Para el escritor, este es un brete psicotizante. Un poema es la escritura de algo que ya sabíamos, el retumbo de un yo primitivo que ha quedado prisionero de una vastedad que está más allá de todo pensamiento posible; y la palabra, el único instrumento del escritor, lo expresa a medias y se convierte en una obsesión que también puede terminar en la locura o la muerte. Mi obra me come –dice Cocteau–, y mientras ella vive, yo muero. Pero a pesar de las muchas advertencias y de los antecedentes, la vocación literaria no puede ser silencio, papel en blanco: “callarse significa también morir”[6].

Tal vez quien mejor ha resumido este enigma irresoluble, haya sido Vincent Van Gogh, pintor pero también escritor de una profuso epistolario: “Mi trabajo, arriesgo la vida en él y casi he perdido la razón por su causa… Pero ¿qué querés?”
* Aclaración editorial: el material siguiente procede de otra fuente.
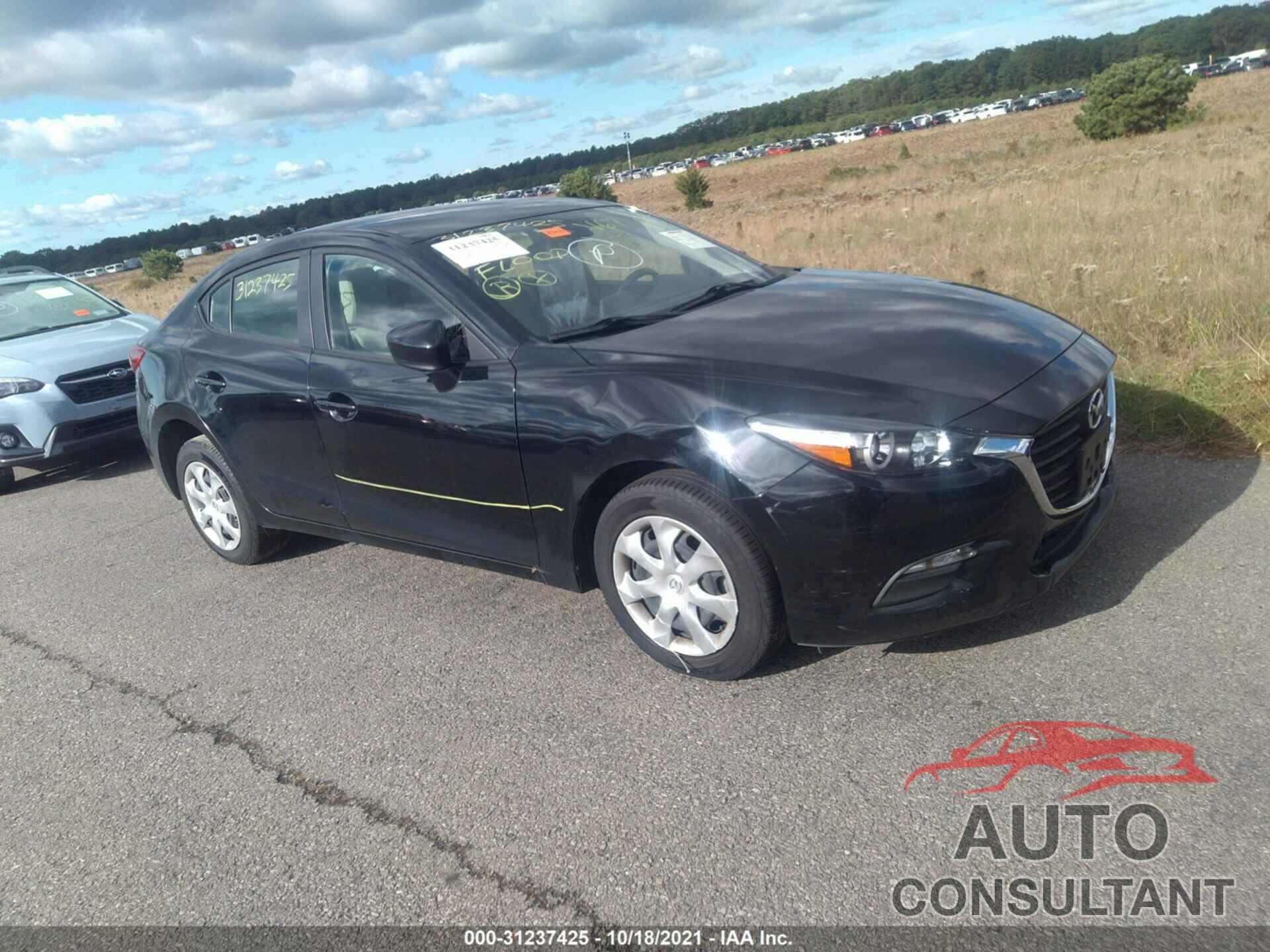 MAZDA MAZDA3 4-DOOR 2018 - 3MZBN1U7XJM232267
Publicado en 2003 en el Nº 2 de la Revista Mal Estar


[1] En una amplia revisión biográfica realizada por Wittkower en el mundo de la pintura, sólo encuentra catorce casos de suicidios en cuatrocientos cincuenta años, de 1350 a 1800: cinco en Italia y nueve en el norte de Europa. Excepto el caso de Schumann y el probable suicidio de Chaikovski, el universo de la música sólo tiene intentos frustrados. Nada comparable con la interminable lista de suicidios que azota a la literatura. (Philippe Brenot, Genio y locura, Ediciones B, Barcelona, 1998, p. 172)

[2] Maurice Blanchot, El paso (no)más allá, Paidós, Barcelona 1994, p. 31.

[3] George Steiner analiza y rastrea esta imposibilidad constitutiva de la filosofía tanto en Lenguaje y silencio como en Gramáticas de la creación. Julia Kristeva, por su parte, en Semiótica, Cap. “La palabra, el diálogo, la novela”, habla del carácter dogmático y “monológico” del discurso narrativo.

[4] Ver Roland Barthes, Ensayos críticos, Seix Barral, Argentina 2003, p. 219-225

[5] Ver León Rozitchner, Freud y los límites del individualismo burgués, uno de los libros más profundos que se hayan escrito sobre este tema.